DESCRIPTION OF THE TASK: Leave out every picture, then transcribe the rest of the listing exactly.

────

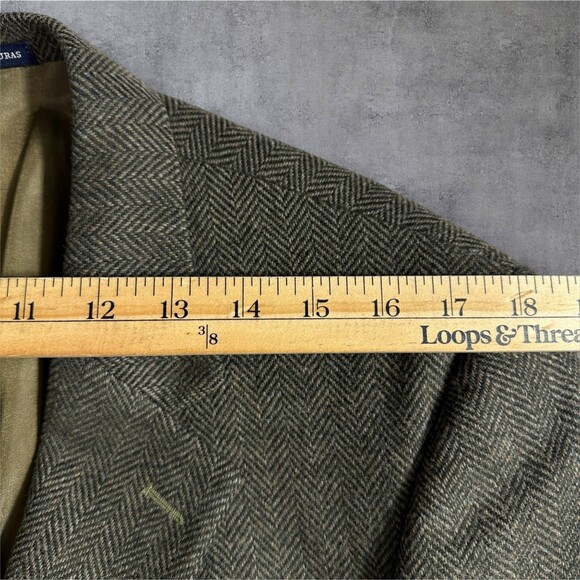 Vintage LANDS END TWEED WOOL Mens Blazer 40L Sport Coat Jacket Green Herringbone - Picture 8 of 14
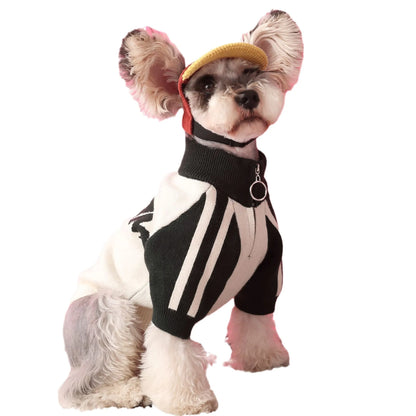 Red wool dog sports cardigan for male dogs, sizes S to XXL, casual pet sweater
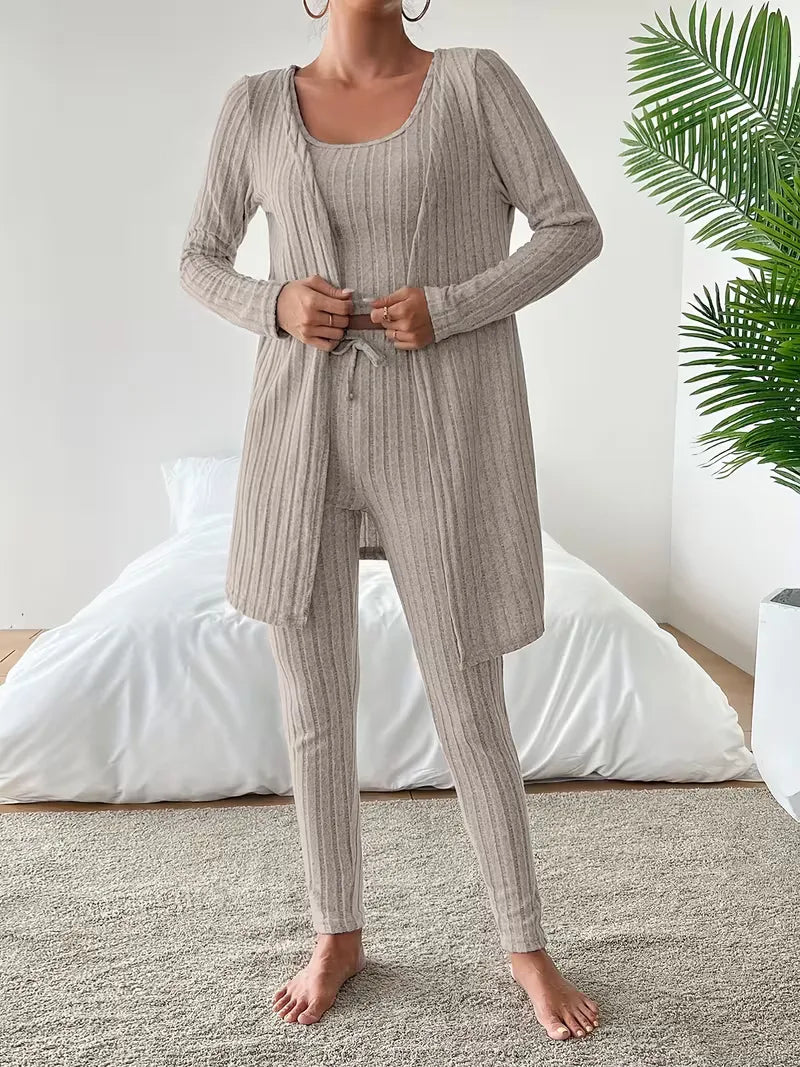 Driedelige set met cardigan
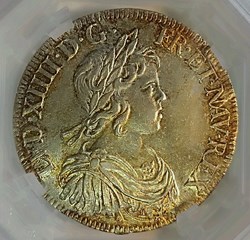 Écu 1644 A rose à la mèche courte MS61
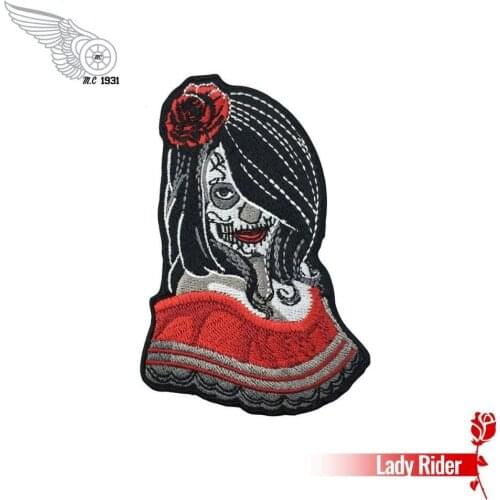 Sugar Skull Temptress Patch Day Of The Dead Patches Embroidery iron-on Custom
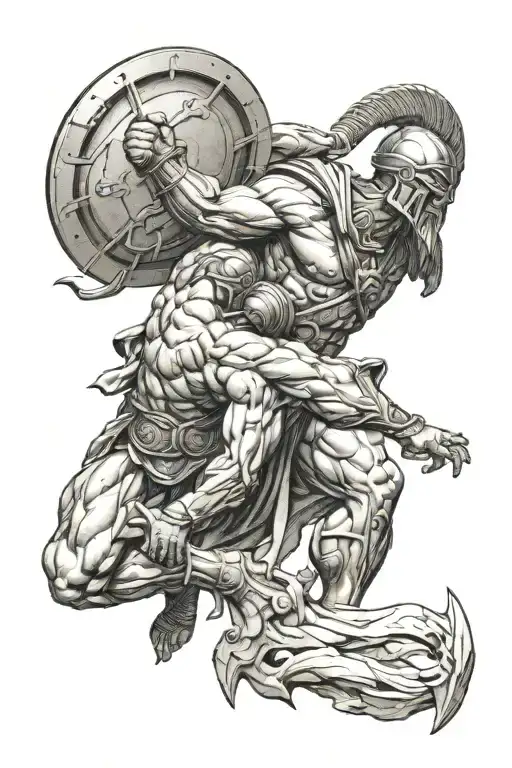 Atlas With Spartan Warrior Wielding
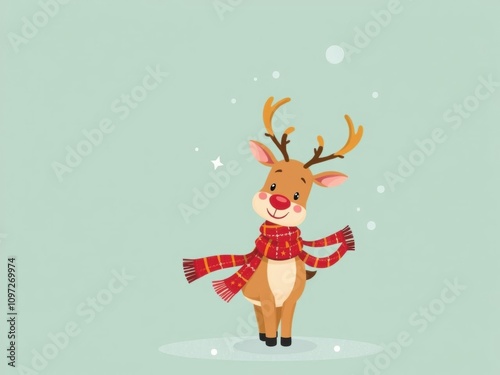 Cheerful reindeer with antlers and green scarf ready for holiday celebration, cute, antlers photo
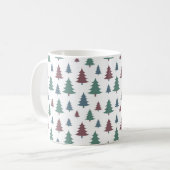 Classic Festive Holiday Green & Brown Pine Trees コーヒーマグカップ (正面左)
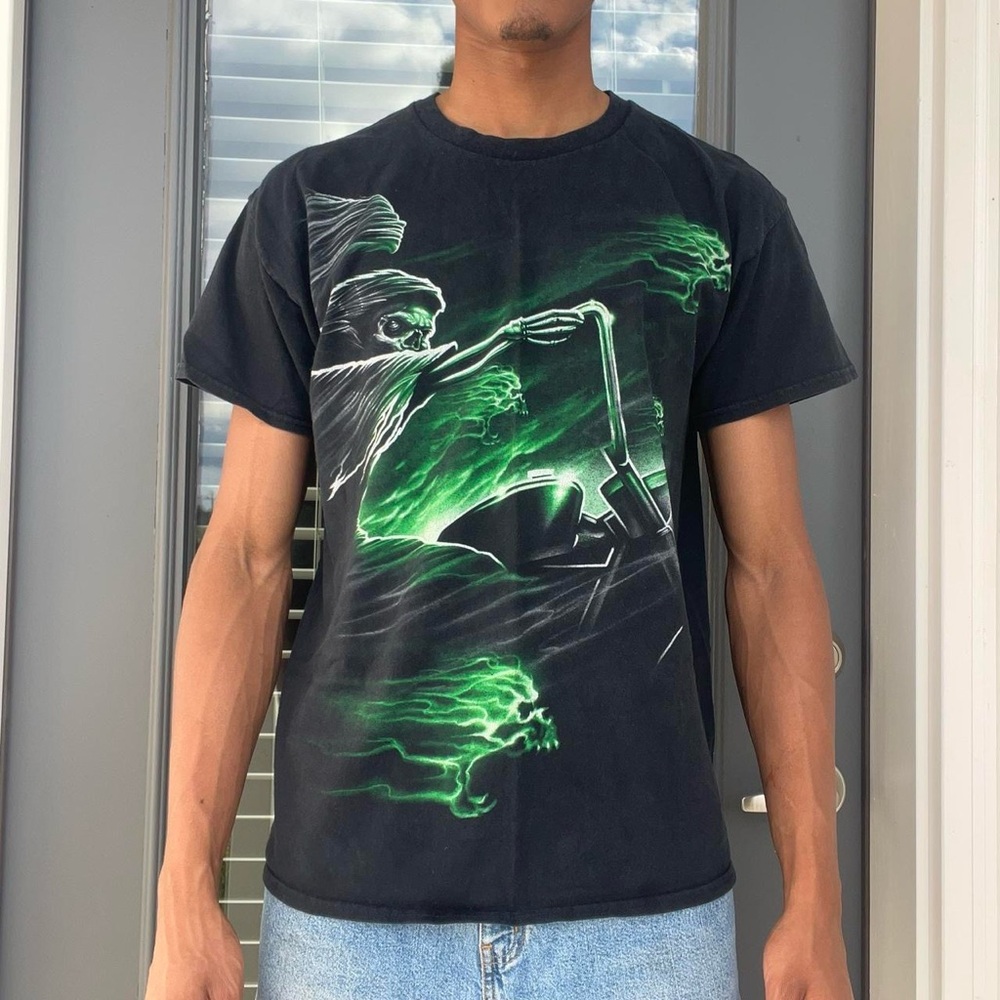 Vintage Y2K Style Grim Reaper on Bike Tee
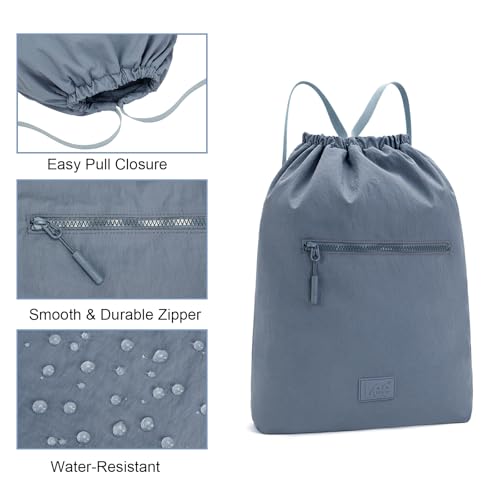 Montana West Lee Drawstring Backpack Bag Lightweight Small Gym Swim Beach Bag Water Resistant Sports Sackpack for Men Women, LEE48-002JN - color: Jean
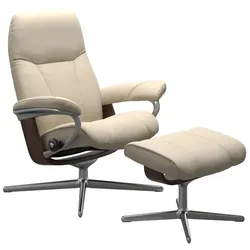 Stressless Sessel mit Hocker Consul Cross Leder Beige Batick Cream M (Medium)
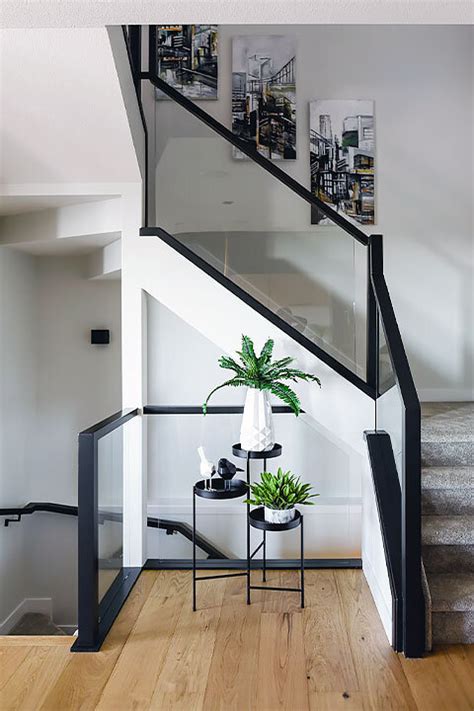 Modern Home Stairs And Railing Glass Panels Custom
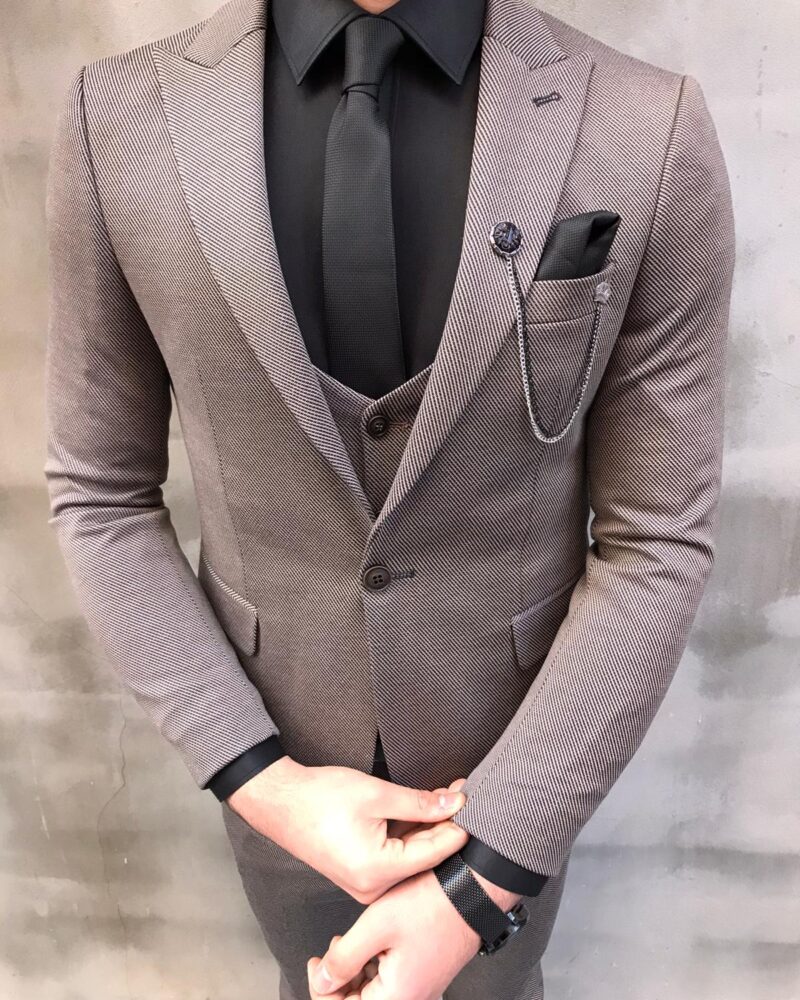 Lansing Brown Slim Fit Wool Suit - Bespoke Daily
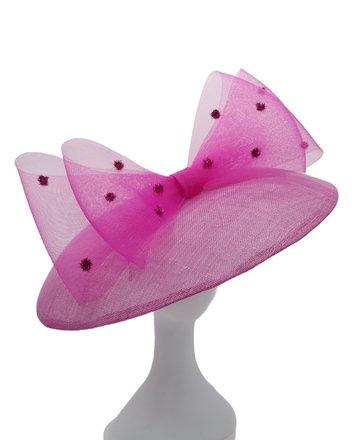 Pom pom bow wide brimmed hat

────

TASK RESPONSE:
 Vintage LANDS END TWEED WOOL Mens Blazer 40L Sport Coat Jacket Green Herringbone - Picture 8 of 14
 Red wool dog sports cardigan for male dogs, sizes S to XXL, casual pet sweater
 Driedelige set met cardigan
 Écu 1644 A rose à la mèche courte MS61
 Sugar Skull Temptress Patch Day Of The Dead Patches Embroidery iron-on Custom
 Atlas With Spartan Warrior Wielding
 Cheerful reindeer with antlers and green scarf ready for holiday celebration, cute, antlers photo
 Classic Festive Holiday Green & Brown Pine Trees コーヒーマグカップ (正面左)
 Vintage Y2K Style Grim Reaper on Bike Tee
 Montana West Lee Drawstring Backpack Bag Lightweight Small Gym Swim Beach Bag Water Resistant Sports Sackpack for Men Women, LEE48-002JN - color: Jean
 Stressless Sessel mit Hocker Consul Cross Leder Beige Batick Cream M (Medium)
 Modern Home Stairs And Railing Glass Panels Custom
 Lansing Brown Slim Fit Wool Suit - Bespoke Daily
 Pom pom bow wide brimmed hat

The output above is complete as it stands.